Paolo, two points:1. If the application is to work on x32, it can’t be using more than 4GB of memory, whence 32-bit offsets are large enough. It would be trivial to add a compiler flag (if one does not already exist) to inform it of this restriction, thus allowing it to use 32-bit offsets.2. Even with 64-bit offsets, computing the offset from a 32-bit index requires only a widening 32-bit multiply (with 64-bit result), not a full 64-bit multiply.
@KaffeemonsterI think we’re violently agreeing – my claim is that o32 versus n32 versus n64 is a similar ABI change in the MIPS world, and if the x32 effort was likely to produce performance gains, we would have historic evidence from the n32/n64 ABIs on IRIX/MIPS, showing workloads where n32 was considerably faster than n64.If such workloads don’t exist (I can’t find any, but I’ve not looked hard), the chances are high that x32 is only a performance benefit in very specialised situations set up to benchmark x32 in a good light, and it’s up to the people pushing x32 to show that there are real workloads that benefit.

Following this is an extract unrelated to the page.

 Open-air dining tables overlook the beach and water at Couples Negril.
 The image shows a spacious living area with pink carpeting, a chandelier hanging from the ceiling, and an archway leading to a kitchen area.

“And for those who think that x32 is reducing the size of files on disk — remember that as it is you can’t run a pure-x32 install; what you get is usually going to be a mix of three ABIs: x86, amd64 and x32!”This isn’t necessarily true, I have a “native” hardened x32 install running under kvm at present, with NO amd64 or x86 binaries, with just MULTILIB_ABIS=”x32″ set in make.conf.Only a few large packages fail to compile for me, notably firefox and libreoffice, other than that and having to disable asm on a number of multimedia packages the only other real issue I have is x32 can’t use alsa yet.I have 3 machines in use, all over 2 years old and two are maxed out with 4 GB of ram, not all of us are in a position to just dump older hardware and buy shiny new machines with at least 8 GB…
mans, re. your bullet 1 you would be reinventing x32 changes to gcc while keeping longs 64-bit. for bullet 2 a widening multiply is useless because it puts the two halves in two separate 32-bit registers . Widening multiplies are mostly useful to realize divides by constant.

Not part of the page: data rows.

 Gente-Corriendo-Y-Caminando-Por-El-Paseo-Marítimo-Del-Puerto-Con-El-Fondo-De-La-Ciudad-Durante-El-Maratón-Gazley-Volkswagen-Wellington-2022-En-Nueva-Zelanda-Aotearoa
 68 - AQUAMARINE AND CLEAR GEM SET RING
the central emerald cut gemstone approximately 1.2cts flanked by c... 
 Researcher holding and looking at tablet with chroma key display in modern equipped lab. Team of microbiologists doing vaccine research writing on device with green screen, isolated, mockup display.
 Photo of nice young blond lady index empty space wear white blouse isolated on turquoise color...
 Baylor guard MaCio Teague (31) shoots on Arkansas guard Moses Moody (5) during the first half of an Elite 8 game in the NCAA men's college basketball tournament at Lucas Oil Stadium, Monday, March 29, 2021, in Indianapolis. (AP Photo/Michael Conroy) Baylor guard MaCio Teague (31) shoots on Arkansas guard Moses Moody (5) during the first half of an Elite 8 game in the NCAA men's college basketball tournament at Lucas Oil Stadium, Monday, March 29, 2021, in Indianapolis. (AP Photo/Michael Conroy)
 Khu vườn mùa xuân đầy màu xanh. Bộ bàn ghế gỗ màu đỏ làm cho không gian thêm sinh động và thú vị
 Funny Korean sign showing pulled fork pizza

No, it would not be “reinventing x32.” All it would do is tell the compiler that no object is ever larger than 2GB, allowing it to use faster 32-bit arithmetic to calculate offsets. Nothing else would change, so no porting effort would be required.Regarding multiplies, while getting the result of a widening multiply in different registers is annoying, merging them requires only two more cycles (on Atom).
ah ok, you mentioned 4Gb earlier. I think -mcmodel exists already.
IIUC, -mcmodel only covers code and static data, not dynamic allocations.
If you have a 4GB datamodel, also all your pointer arithmetic will be in 32-bit.This means you can evaluate all array and record indexing etc in 32-bit, and have all offsets etc in 32-bit. The array indexing might actually use imul on systems with signed basetypes (like C and Pascal).So yes, there is a common case where x32 changes a 64-bit mul to a 32-bit one. If it really happens (only makes sense if the whole calculation can be done in 32-bit), and if it is noticable is something else though.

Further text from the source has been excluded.